English Name:Pomegranate
Anardana comprises the dried seeds [dried with flesh] of pomegranate fruit. Pomegranate is a shrub or a small tree 5 to 8 meters high, considered to be native of Iran, Afghanistan and Beluchistan. It is found growing wild in the warm valleys and outer hills of the Himalayas between 900 and 1800m and also cultivated at selected sites almost throughout India. The pomegranate is an ancient and popular fruit. It is a symbol of plenty and prosperity. It grows best in the tropics below an elevation of 1000m with long, hot, dry summers and cool winters, or in those areas, which are continuously warm and dry provided irrigation, is available. High temperature should accompany ripening season.

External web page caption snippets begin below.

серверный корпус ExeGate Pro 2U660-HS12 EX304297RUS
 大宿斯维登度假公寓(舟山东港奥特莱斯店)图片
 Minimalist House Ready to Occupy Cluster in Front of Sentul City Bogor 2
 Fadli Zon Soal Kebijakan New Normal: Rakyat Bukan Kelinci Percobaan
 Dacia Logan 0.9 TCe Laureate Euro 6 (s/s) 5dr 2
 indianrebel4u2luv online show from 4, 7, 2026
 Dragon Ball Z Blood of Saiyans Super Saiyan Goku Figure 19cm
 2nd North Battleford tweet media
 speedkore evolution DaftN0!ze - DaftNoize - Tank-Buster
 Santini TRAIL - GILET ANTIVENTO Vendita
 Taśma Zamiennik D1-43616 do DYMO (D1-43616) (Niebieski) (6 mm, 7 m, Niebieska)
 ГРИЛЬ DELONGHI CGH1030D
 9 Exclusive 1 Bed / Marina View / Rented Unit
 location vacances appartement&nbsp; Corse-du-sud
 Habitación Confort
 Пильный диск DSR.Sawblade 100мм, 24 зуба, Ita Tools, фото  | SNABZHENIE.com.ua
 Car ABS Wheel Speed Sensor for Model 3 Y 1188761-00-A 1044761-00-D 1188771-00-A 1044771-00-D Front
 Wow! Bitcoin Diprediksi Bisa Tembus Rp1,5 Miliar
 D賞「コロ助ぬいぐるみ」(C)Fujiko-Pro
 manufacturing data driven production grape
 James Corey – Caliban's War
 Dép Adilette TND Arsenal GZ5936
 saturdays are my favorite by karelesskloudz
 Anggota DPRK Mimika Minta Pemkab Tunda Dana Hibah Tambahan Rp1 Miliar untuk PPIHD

The fruit is a large globose berry, shiny red, yellowish green, or whitish, when ripe, crowned by the calyx and is generally 5 to 7.5 cm in diameter. The fruit is filled with angular hard seeds, which are covered with a juicy red, pink or yellowish white, sweet-astringent-acid pulp. It is these seeds with pulp, which, when sun dried or dehydrated, constitute the condiment `anardana`. Anardana is used as an acidulant in Indian curries in most of the North Indian states.
Anardana is mostly used as a condiment for acidification of chutneys and certain curries, as in case of tamarind or Amchur. The seeds are reported to be stomachic while the pulp is both cardiac and stomachic. There are many medicinal virtues in almost all parts of this plant; hence there is possibility of preparing many herbal preparations.